- [WORK TO COMPLETE]
Look through the entries that follow and return each line that has the string "with".
▼
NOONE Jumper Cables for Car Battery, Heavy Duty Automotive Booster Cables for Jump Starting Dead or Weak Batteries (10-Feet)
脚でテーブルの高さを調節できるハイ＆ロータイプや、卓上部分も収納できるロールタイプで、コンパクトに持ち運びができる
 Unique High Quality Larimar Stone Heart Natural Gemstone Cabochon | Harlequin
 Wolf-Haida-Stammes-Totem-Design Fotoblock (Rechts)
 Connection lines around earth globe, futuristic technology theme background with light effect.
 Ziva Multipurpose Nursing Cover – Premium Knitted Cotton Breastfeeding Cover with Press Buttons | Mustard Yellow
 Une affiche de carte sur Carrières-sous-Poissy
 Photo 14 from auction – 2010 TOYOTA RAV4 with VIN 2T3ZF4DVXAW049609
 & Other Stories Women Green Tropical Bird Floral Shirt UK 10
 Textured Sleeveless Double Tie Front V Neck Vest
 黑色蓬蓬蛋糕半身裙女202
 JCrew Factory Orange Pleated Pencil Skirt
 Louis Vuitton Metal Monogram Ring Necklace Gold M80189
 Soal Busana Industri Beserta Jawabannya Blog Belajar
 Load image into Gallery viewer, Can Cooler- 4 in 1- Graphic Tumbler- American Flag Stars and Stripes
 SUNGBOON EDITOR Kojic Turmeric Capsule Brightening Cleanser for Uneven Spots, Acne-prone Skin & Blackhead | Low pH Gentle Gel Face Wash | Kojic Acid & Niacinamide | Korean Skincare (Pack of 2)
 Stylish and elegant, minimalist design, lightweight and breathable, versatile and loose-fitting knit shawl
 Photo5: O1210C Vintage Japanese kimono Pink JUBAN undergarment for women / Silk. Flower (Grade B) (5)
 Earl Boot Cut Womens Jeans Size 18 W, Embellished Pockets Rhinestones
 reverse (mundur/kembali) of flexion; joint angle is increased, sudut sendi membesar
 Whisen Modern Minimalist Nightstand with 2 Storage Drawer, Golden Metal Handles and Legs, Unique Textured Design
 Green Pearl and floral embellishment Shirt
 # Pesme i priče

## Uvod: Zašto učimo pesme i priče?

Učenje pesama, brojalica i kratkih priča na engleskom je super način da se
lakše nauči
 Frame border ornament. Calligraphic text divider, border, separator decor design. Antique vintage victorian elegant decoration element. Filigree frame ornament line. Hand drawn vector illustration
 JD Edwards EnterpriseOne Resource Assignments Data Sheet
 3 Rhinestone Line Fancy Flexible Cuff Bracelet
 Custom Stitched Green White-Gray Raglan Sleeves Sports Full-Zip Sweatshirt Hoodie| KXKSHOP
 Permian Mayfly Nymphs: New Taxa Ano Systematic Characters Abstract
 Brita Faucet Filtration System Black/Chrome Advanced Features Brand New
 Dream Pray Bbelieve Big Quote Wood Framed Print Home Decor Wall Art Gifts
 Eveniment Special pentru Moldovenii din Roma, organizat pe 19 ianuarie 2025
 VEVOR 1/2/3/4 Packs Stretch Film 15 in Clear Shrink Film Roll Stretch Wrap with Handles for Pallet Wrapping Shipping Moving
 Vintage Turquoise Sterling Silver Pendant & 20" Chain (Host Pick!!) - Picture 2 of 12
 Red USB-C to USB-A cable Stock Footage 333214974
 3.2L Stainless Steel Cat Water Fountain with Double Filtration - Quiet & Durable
▲
- [RESPONSE AREA]
 Connection lines around earth globe, futuristic technology theme background with light effect.
 Ziva Multipurpose Nursing Cover – Premium Knitted Cotton Breastfeeding Cover with Press Buttons | Mustard Yellow
 Photo 14 from auction – 2010 TOYOTA RAV4 with VIN 2T3ZF4DVXAW049609
 Whisen Modern Minimalist Nightstand with 2 Storage Drawer, Golden Metal Handles and Legs, Unique Textured Design
 VEVOR 1/2/3/4 Packs Stretch Film 15 in Clear Shrink Film Roll Stretch Wrap with Handles for Pallet Wrapping Shipping Moving
 3.2L Stainless Steel Cat Water Fountain with Double Filtration - Quiet & Durable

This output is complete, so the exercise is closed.